I'm never going to get any work done today.
Kevin likes to feel bad
Wrote another review for the workshop last night, and it turned into a bit of a mauling. I found a fair few faults with the story, so then, after I'd finished writing it, I began to feel bad about tearing into her. It's never a nice experience, even though people should be able to take criticism if they're going to put their work in a workshop situation.
So, anyway, I post the review this morning. I read what the other reviewer had to say about it. They loved it. They thought pretty much the opposite of the points I made, which makes me wonder, was I wrong? Was I just being picky when I said that the action was clichéd and that I didn't feel for any of the characters? I don't really know. The other thing that worries me now is that this poor girl has got two conflicting reviews; one heaping praise and one saying 'Well, actually . . .'. What's the author going to say when she sees that? Which one is the author going to believe? I know, if it were me, I'd probably go for the praise (though I'd like to think that I wouldn't), but that only works out if I'm wrong.
Damn.
Kevin likes to experiment
So far my little experiment has yielded three last-minute cards. Quality. Might have to try this again next year, as most of the people who haven't sent cards out yet don't look like they're going to.
Kevin likes to make jokes
Something that I forgot to mention, but I've started keeping another 'blog, this one for the purpose of having somewhere to put my humour and other random thoughts, without having to keep updating Thoughts of the Misguided.

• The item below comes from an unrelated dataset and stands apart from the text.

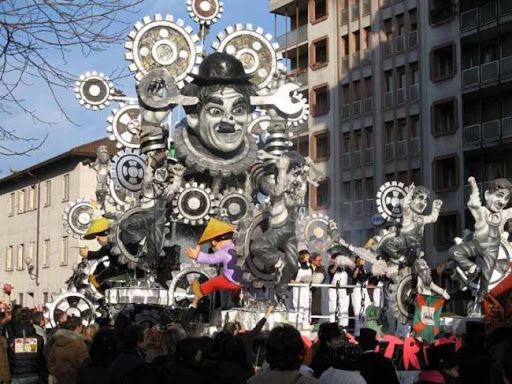 Coronavirus, il Carnevale di Borgosesia non si ferma: Il mercu scurot si farà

The new blog's called Only Excellent. Go check it out.
Kevin likes to go back to The Sticks
Finally, the Christmas break is back upon us. On Monday, I'm heading back to the sticks for two weeks or so. The upshot of this is that I'm going to be offline until Monday, 5 January 2004.
Merry Christmas everyone . . .
Kevin likes to laugh
Two reviews last night for the workshop. Gilly and Shameful went out for a few drinks, so I had no distractions in the house. Amazing how easy it is just to turn the television off and get on with some work when there's no one lying around the lounge. I really am either weak-willed or just plain lazy.

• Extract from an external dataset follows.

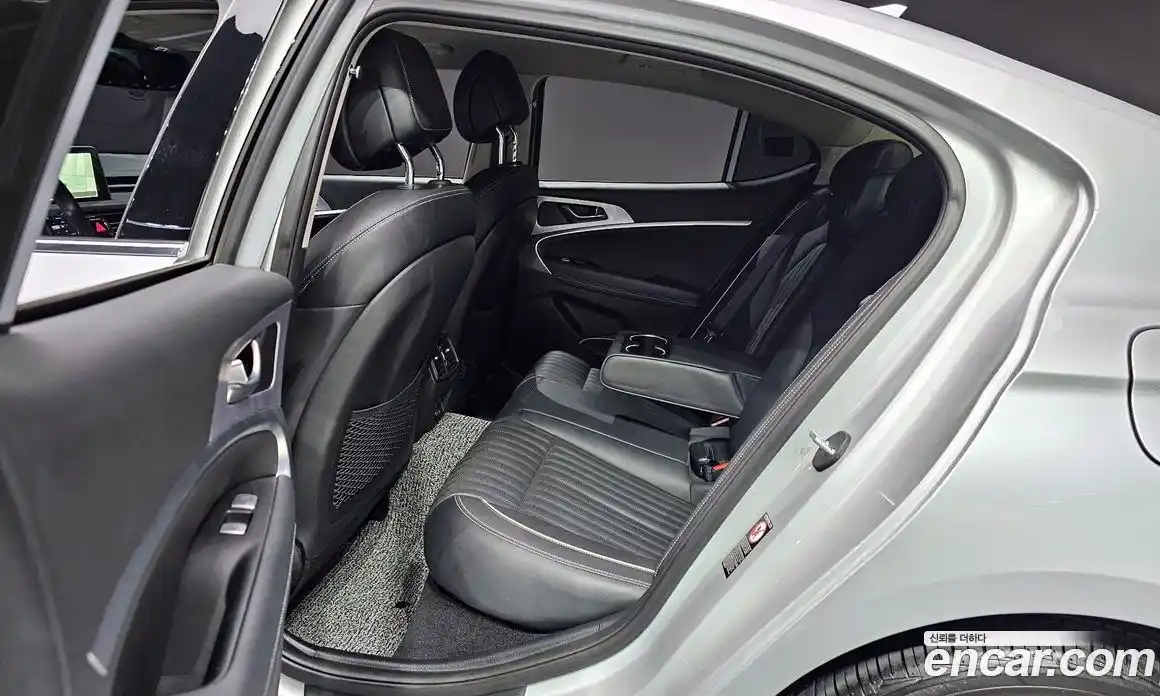 Genesis G70 2018 2.0 Автомат в Москве № 27895, фото 9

Also started work on the December Light Challenge story. I know I'm never going to get it up in time for December (especially since my internet access stops tomorrow), but I'm considering working on it over my Christmas break, seeing if I can get something ready to sub in January.
Also, JamesR has emailed me about resurrecting the Talecrafters group (or at least starting a new one under the old name). I've told him I might be interested, but it all hinges on how committed I (or the other members, for that matter) can be to the group. Last time we tried this, it never really got off the ground. I've also got to think about how this will affect my work on Home. I want to get this finished, and hopefully, workshop it with a group of people who will stick with it. Also, it's horror, and JamesR is a fantasy writer. Again, what the other members of the group will be remains to be seen.
Kevin likes to go out
Busy Christmas coming up! Tomorrow we've got our office party, which promises to be interesting (altho' my ex has told me I have to watch her to make sure she doesn't get too drunk). Saturday I'm off to see the Stereophoncs. Sunday I'm off to see Arch Enemy. Monday I'm back down to Devon, for a film (Return of the King, yay!) and a meal with the Alumni. Tuesday we've got relatives visiting, and then it's Christmas Eve, Christmas Day, and Boxing Day.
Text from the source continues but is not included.